REQUIRED WORK:
Exclude the pictures and transcribe the rest of the data below exactly.
AVAILABLE DATA below:
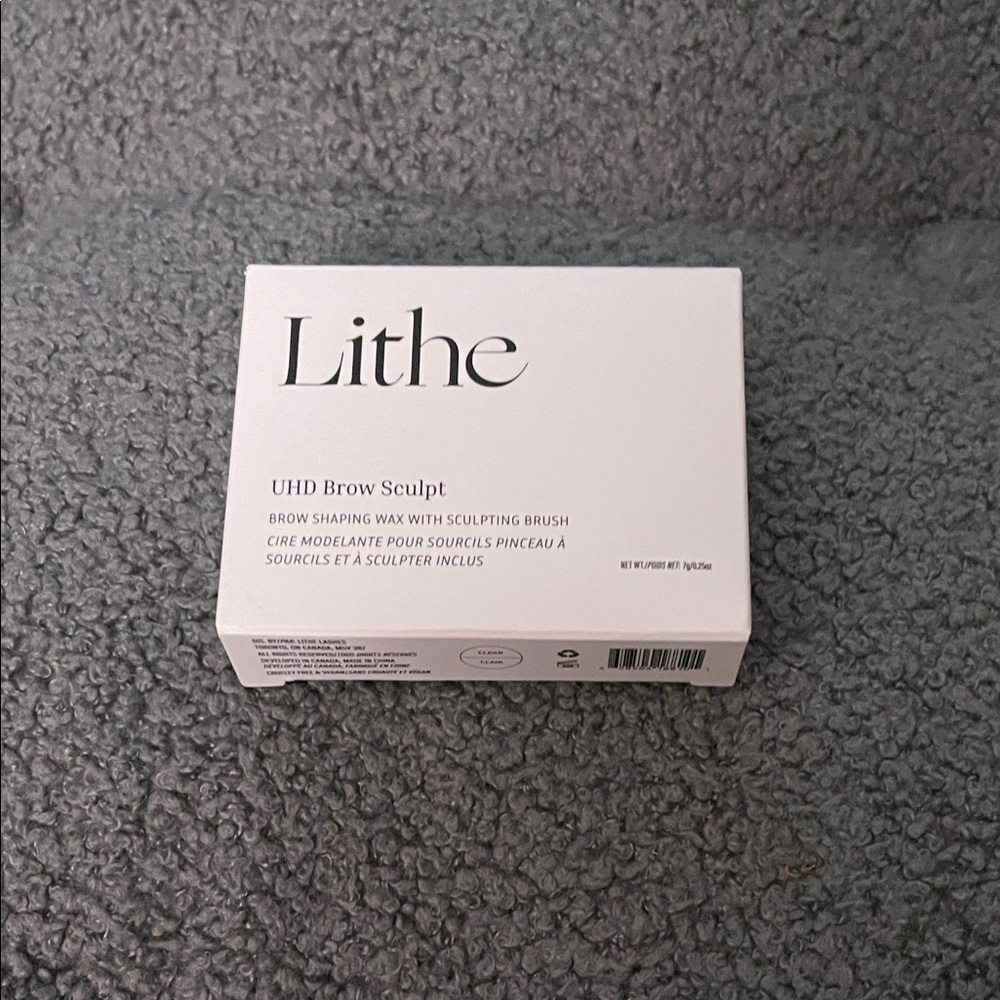 Lithe UHD Brow Sculpt - Natural Cream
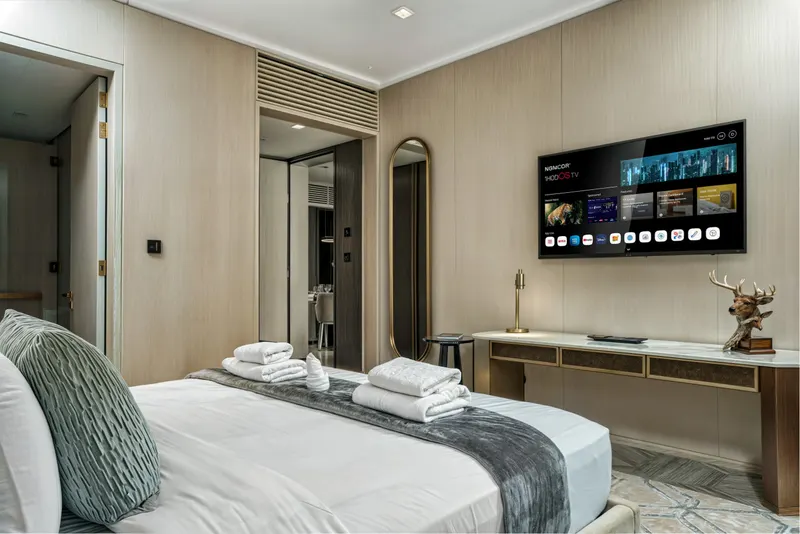 FIVE Palm Apt | Garden View + Pool/Beach Access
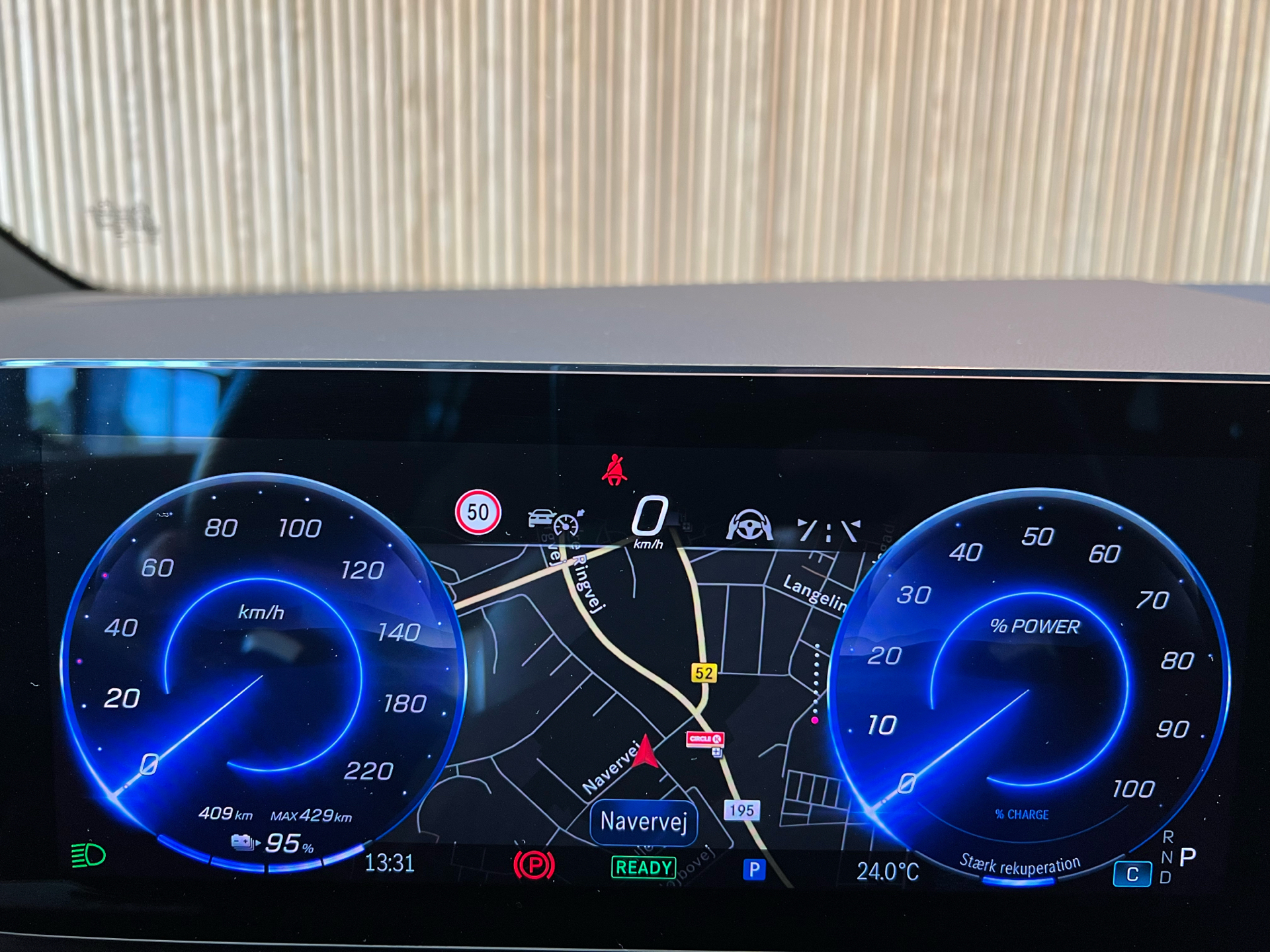 Billede af Mercedes-Benz EQA 300 EL Electric Art Premium 4Matic 228HK 5d Aut.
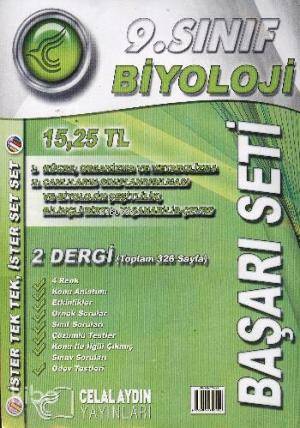 9. Sınıf Biyoloji Başarı Seti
End of AVAILABLE DATA.
RESPONSE TO THE TASK:
 Lithe UHD Brow Sculpt - Natural Cream
 FIVE Palm Apt | Garden View + Pool/Beach Access
 Billede af Mercedes-Benz EQA 300 EL Electric Art Premium 4Matic 228HK 5d Aut.
 9. Sınıf Biyoloji Başarı Seti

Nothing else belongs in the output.